A podiatrist will often diagnose in a diabetic, a nerve disease called peripheral neuropathy, in which the nerves to the feet have a decrease in function. This can also result in dry and fissured skin, predisposing the skin to infection. Neuropathy causes loss of feeling, resulting in injuries and sores that go unnoticed. Decreased sensation leaves the diabetic foot vulnerable to puncture wounds and thermal injury. These wounds may also go untreated and can result in ulcerations and infection. Seemingly simple things like corns and calluses,and bunions and hammertoes, if left untreated, can cause ulcers and infections. Simple tests can be performed by the podiatrist to help diagnosis the presence of peripheral neuropathy including monofilament tests, two-point discrimination and sharp vs dull. If clinical and non-invasive tests indicate nerve disease the podiatrist can consult a neurologist for further nerve studies and testing.
A podiatrist can help identify and treat these common occurrences related to diabetes and work with you to prevent serious complications. Your podiatrist will teach you about proper foot care, including how to perform helpful foot inspections and foot cleaning, as well as the proper way to treat minor foot injuries. The podiatrist will ask you to inspect your feet daily and will teach you what signs indicate problems. He/she will teach you how to properly trim nails. Because diabetes also brings a compromise in immune response, decreasing the ability to fight infection, a diabetic it should have a trained podiatric specialist address any nail concerns or problems.

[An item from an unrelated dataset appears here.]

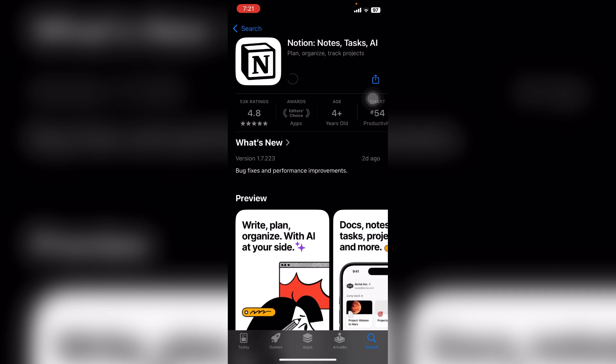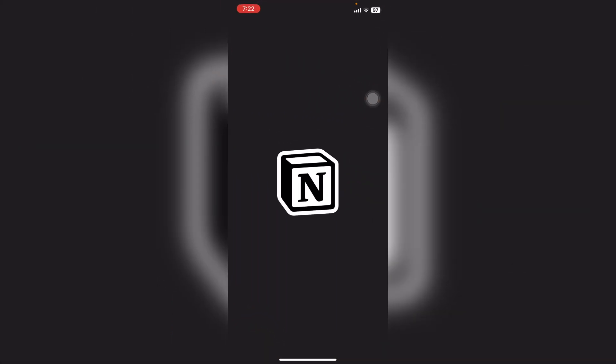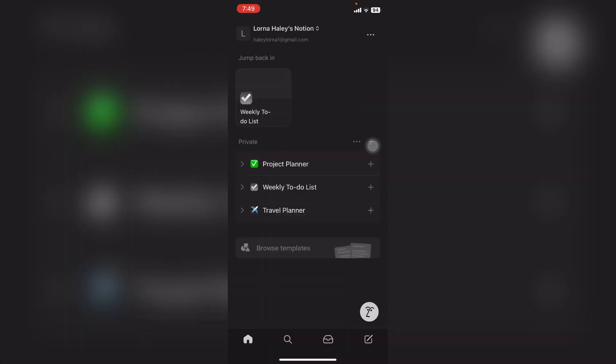After the verification, your download will be started and it may take some time depending on your internet speed. After the download is completed, you can see the Open button like this.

A podiatrist will recommend that you always wear socks or shoes, thus preventing scrapes or puncture wounds from objects on the floor. Your podiatrist will also evaluate shoe gear and socks and assess proper support and fit. Patients with foot deformities or special support needs may benefit from custom inserts and or shoes.
If you or someone you know suffers from diabetes, schedule an appointment with your podiatrist today. Regular checkups will prevent major complications and can improve quality of life. Whether you are a diabetic with existing foot complications or someone that has not yet experienced foot problems, a visit with your podiatrist will improve your overall health and may save you from ulcers, infection and possible amputation in the future.